# Rabbit



## blowgunner62 (Nov 23, 2008)

I got my first (hopefully not last!) rabbit of the year the other day. Put one shot right under the ear with my Gamo Hunter 220 and Crosman Premier HPs. It flipped up in the air and then lay still, not to take another breath again. It is to date the biggest cottontail that I've ever seen.


----------



## spentwings (Apr 25, 2007)

Congrats...but we want pictures....we want pictures.


----------



## blowgunner62 (Nov 23, 2008)

Well, unfortunately I didn't have my camera with at the time. I can show you a picture of the frozen meat, though!


----------



## blowgunner62 (Nov 23, 2008)

Looks like I'm going to be able to go rabbit hunting next Saturday. Hopefully I'll get some pics, and maybe I'll try to get it on video.

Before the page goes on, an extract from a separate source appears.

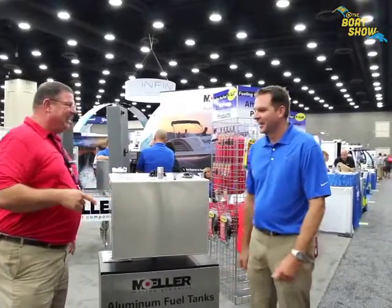Fellow Ohioan right here! So Mike, tell us a little bit about the aluminum tanks — what's Moeller got going on here? Moeller got into the aluminum tank business about a year ago. We introduced it last year at IBEX to the OEM customers, and this year we're rolling it out to the aftermarket customers. I don't know of anybody else out there that has this kind of product and technology.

Can you post video to the forum?


----------



## spentwings (Apr 25, 2007)

Probably have to go via the YouTube route and give a link.
You could use Photobucket and do a sideshow... they're kinda neat.


----------



## blowgunner62 (Nov 23, 2008)

Bummer. I don't have a You Tube account and don't want to get one. I can't seem to get video on my hunting website, or else I'd just put it there.


----------